Vitamin B₁₂ deficiency has been demonstrated in preruminant calves fed diets devoid of animal protein (Lassiter et al., 1953). In ruminants, vitamin B₁₂ deficiency is the major consequence of an insufficient supply in Co. However, even with sufficient dietary Co, plasma concentrations of vitamin B₁₂ are low during the first weeks of lactation (Elliot et al., 1965; Mykkänen and Korpela, 1981; Girard and Matte, 1999; Kincaid and Socha, 2007). Dietary or parenteral supplemental vitamin B₁₂ when cows are fed adequate Co has minor or no effects on production responses (Elliot et al., 1979; Croom et al., 1981; Kincaid and Socha, 2007; Grace and Knowles, 2012; Akins et al., 2013). However, a combined supplement of folic acid and vitamin B₁₂ given from 3 weeks before calving until 8 or 16 weeks of lactation (usually given parenterally once weekly) increased milk production and energetic efficiency in early lactation (Girard and Matte, 2005; Graulet et al., 2007; Preynat et al., 2009a,b Ghaemialehashemi, 2013; Duplessis et al., 2014a; Gagnon et al., 2015). Perhaps via improved energy status, the combined vitamin supplement has improved various measures of reproductive efficiency (Ghaemialehashemi, 2013; Duplessis et al., 2014b; Gagnon et al., 2015). No toxicity of vitamin B₁₂ has been reported. Parenteral supplementation of a commercial mixture of butophosphan (an organic P compound) and vitamin B₁₂ before calving or in early lactation decreased plasma concentrations of nonesterified FAs and β-hydroxybutyrate (Fürll et al., 2010; Rollin et al., 2010; Kreipe et al., 2011; Pereira et al., 2013; Nuber et al., 2016). Production responses to that mixture are variable.

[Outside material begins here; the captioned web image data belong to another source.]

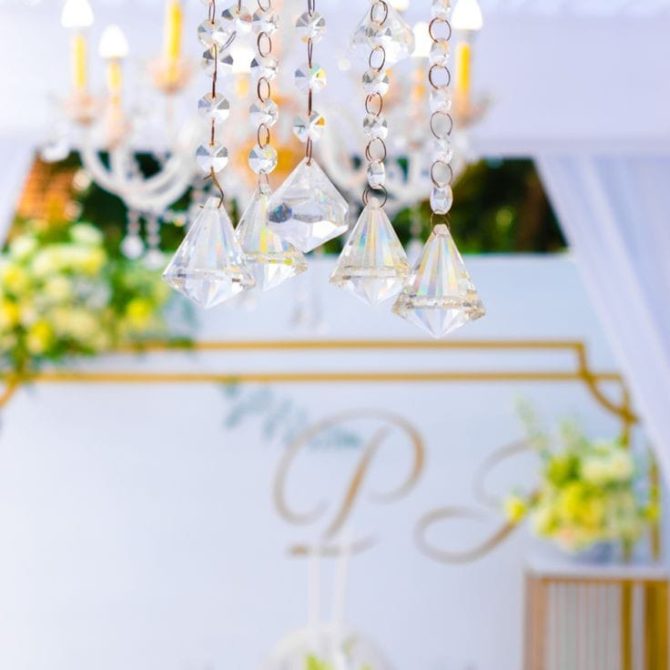 a chandelier with crystal prisms from the ceiling | Leading Event Planners In Kenya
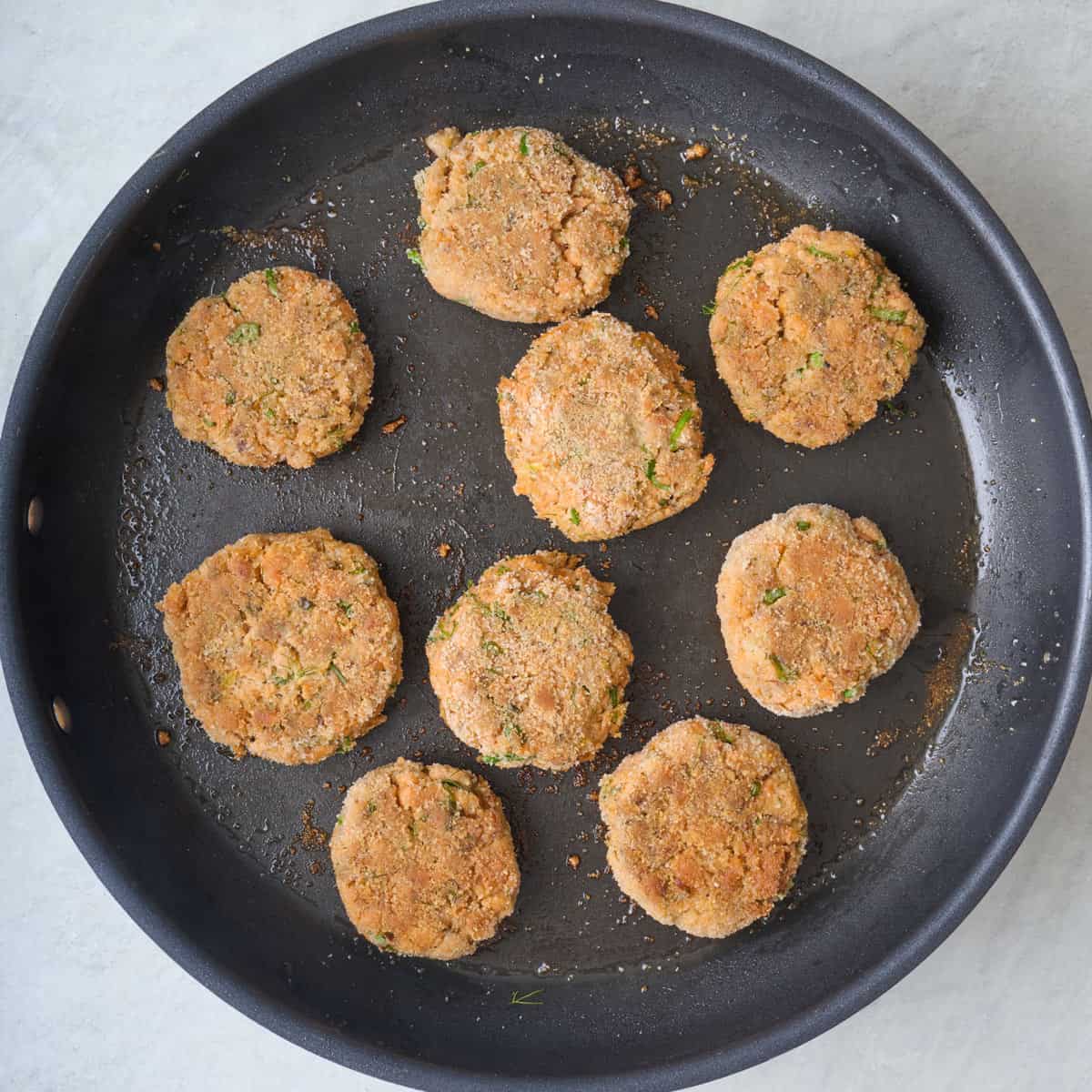 Fish patties after flipping to show golden brown crust.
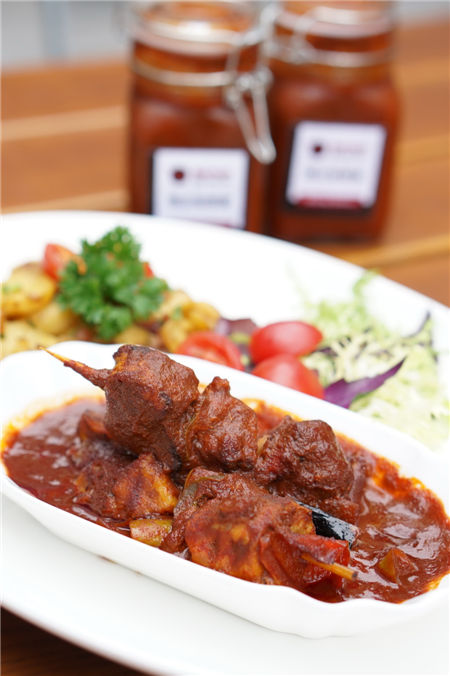 Kebabs with curry sauce by German culinary masters Timo Winter and Dietmar Haubold. Photo provided to China Daily Kebabs with curry sauce by German culinary masters Timo Winter and Dietmar Haubold. Photo provided to China Daily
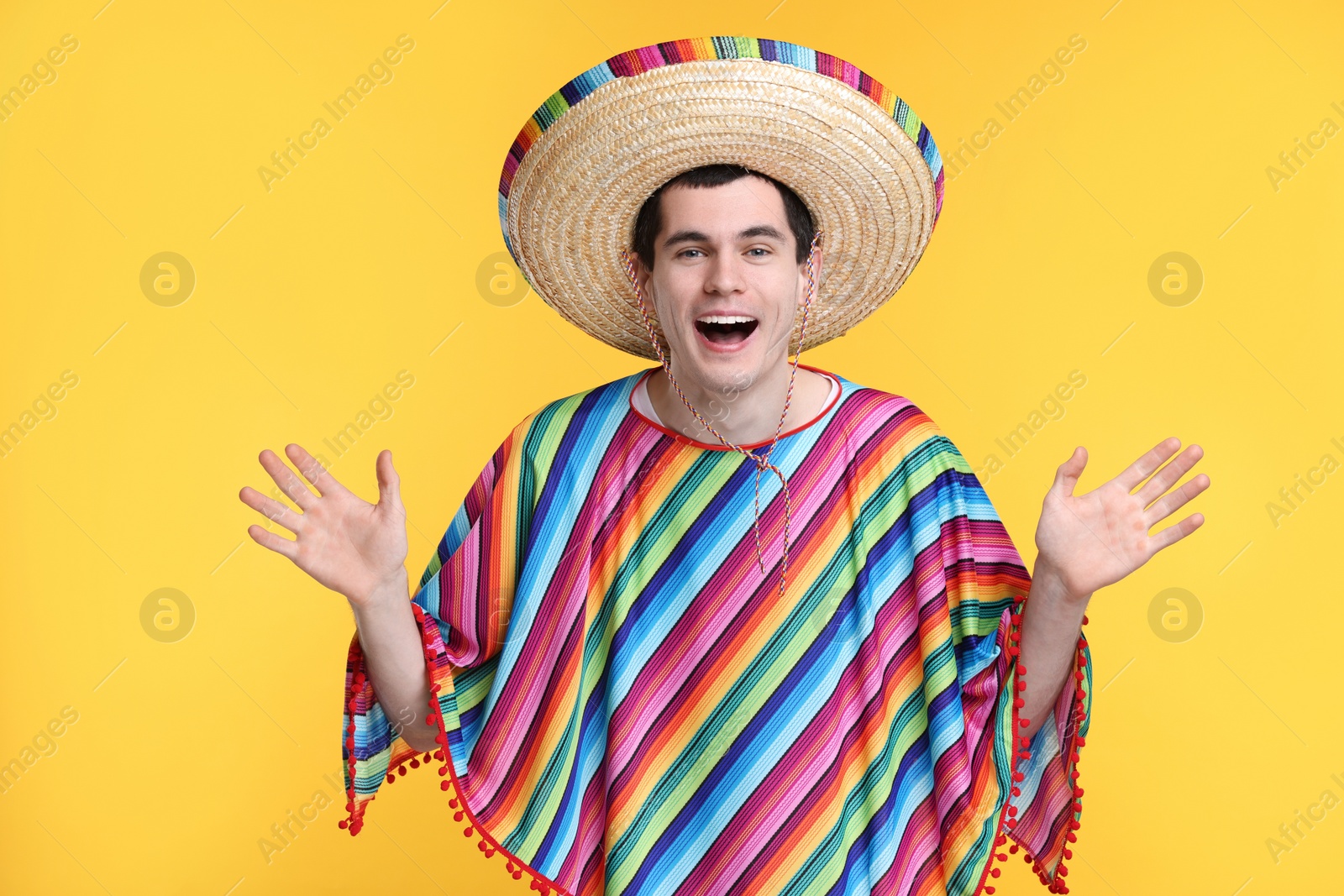 Photo of Excited man in Mexican sombrero hat and poncho on yellow background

Vitamin B₁₂ is not synthesized by plants; it is produced only by bacteria and archaebacteria when Co supply is adequate (Martens et al., 2002). Only 11 percent of the Co ingested is used for ruminal synthesis of corrinoids, of which only 4 percent is incorporated into vitamin B₁₂ (Girard et al., 2009b). Ruminal bacteria use dietary Co to produce vitamin B₁₂ analogues, which are devoid of biological activity. The production of biologically active vitamin B₁₂ usually increases with Co intake, generally at the expense of analogue synthesis (Hedrich et al., 1973; Bigger et al., 1976; Tiffany et al., 2003, 2006; Stemme et al., 2008). Apparent ruminal synthesis of vitamin B₁₂ is correlated positively with Co intake (Beaudet et al., 2016; Castagnino et al., 2016b, 2017). Apparent ruminal synthesis of vitamin B₁₂ in the rumen is generally positively correlated with fiber intakes (Sutton and Elliot, 1972; Schwab et al., 2006; Beaudet et al., 2016; Castagnino et al., 2016a,b 2017) and negatively correlated with the amount of starch digested in rumen (Sutton and Elliot, 1972; Schwab et al., 2006; Beaudet et al., 2016).